> EXERCISE DIRECTIONS: Every line of the listing below should be written out exactly, minus its pictures.

> DATA SEGMENT:

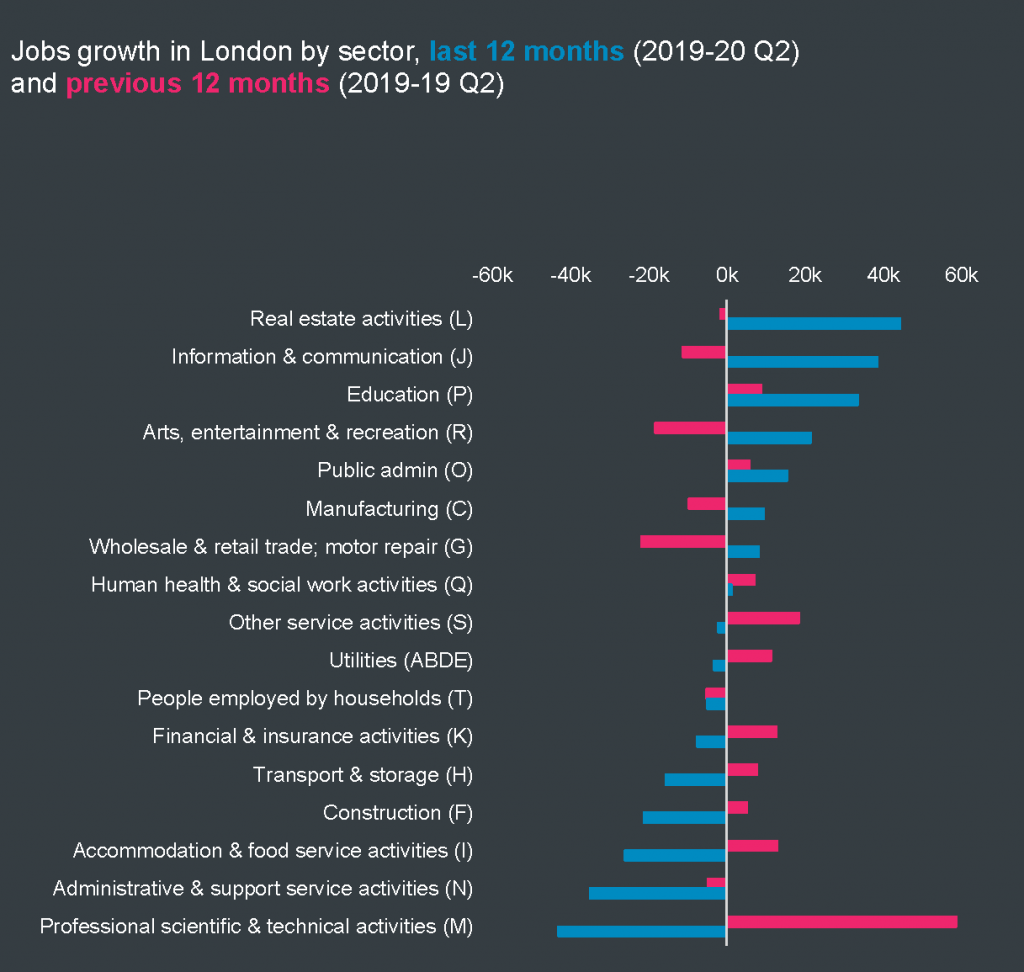 Jobs growth in London by sector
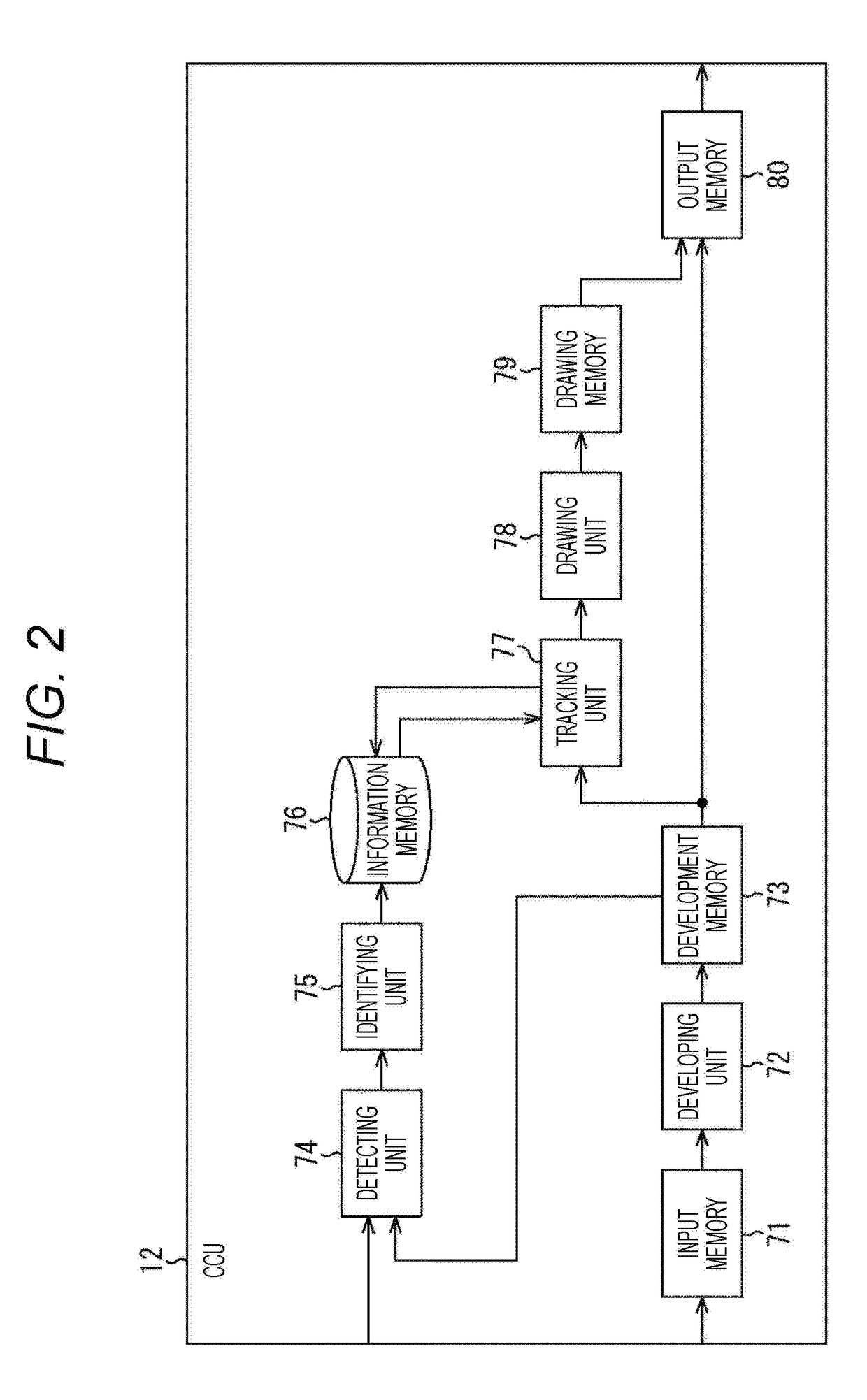 Image processing device, image processing method, and surgical system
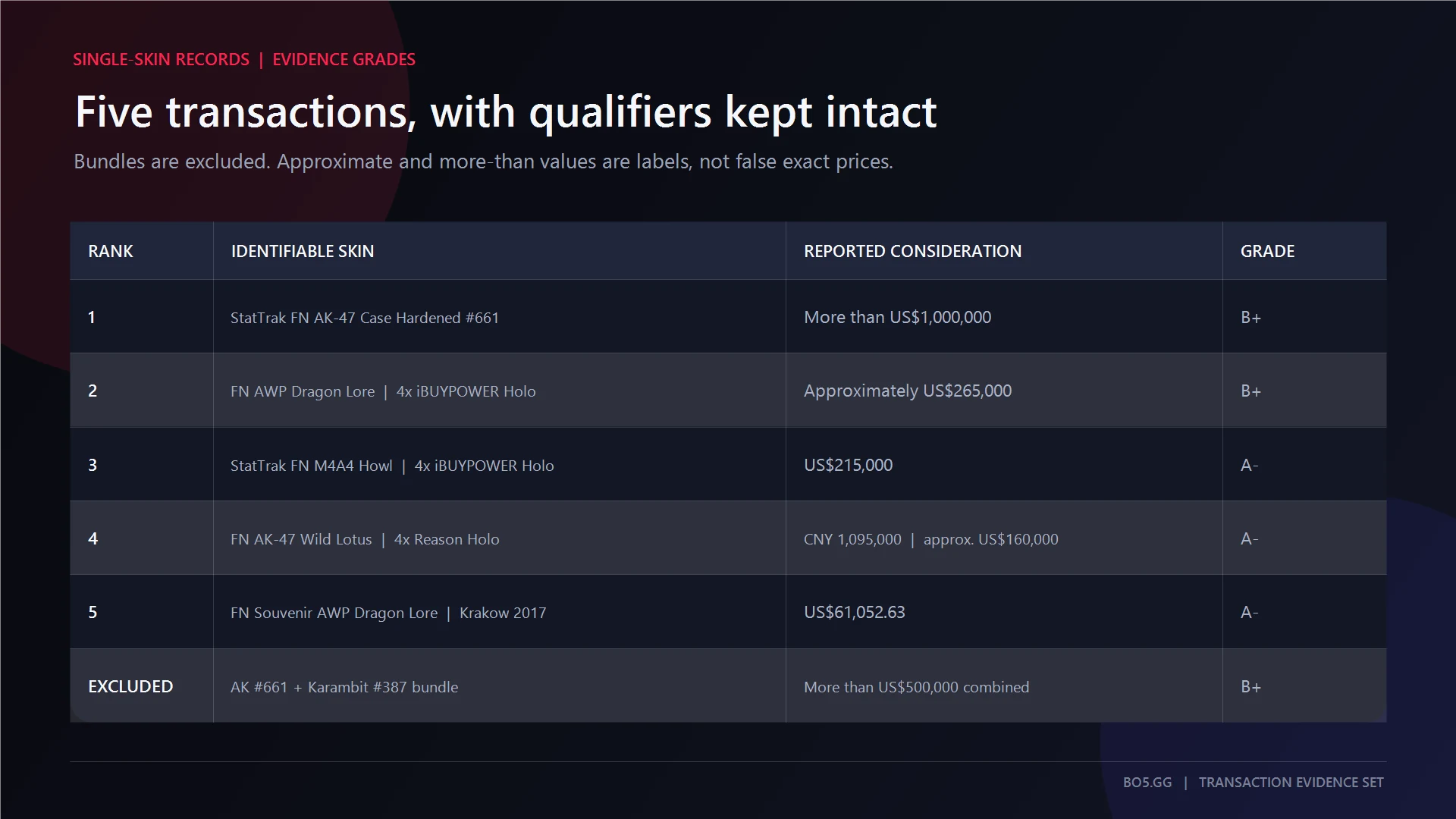 Evidence-graded completed CS2 skin sales with dates and source quality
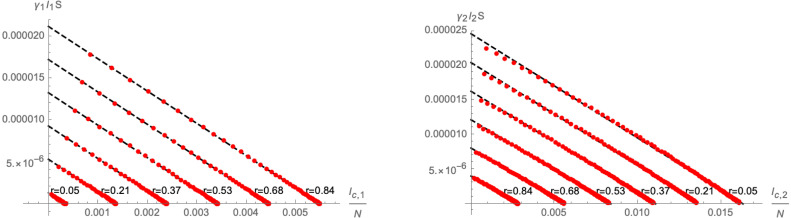 Fig. 7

> SOLUTION TO THE EXERCISE:
 Jobs growth in London by sector
 Image processing device, image processing method, and surgical system
 Evidence-graded completed CS2 skin sales with dates and source quality
 Fig. 7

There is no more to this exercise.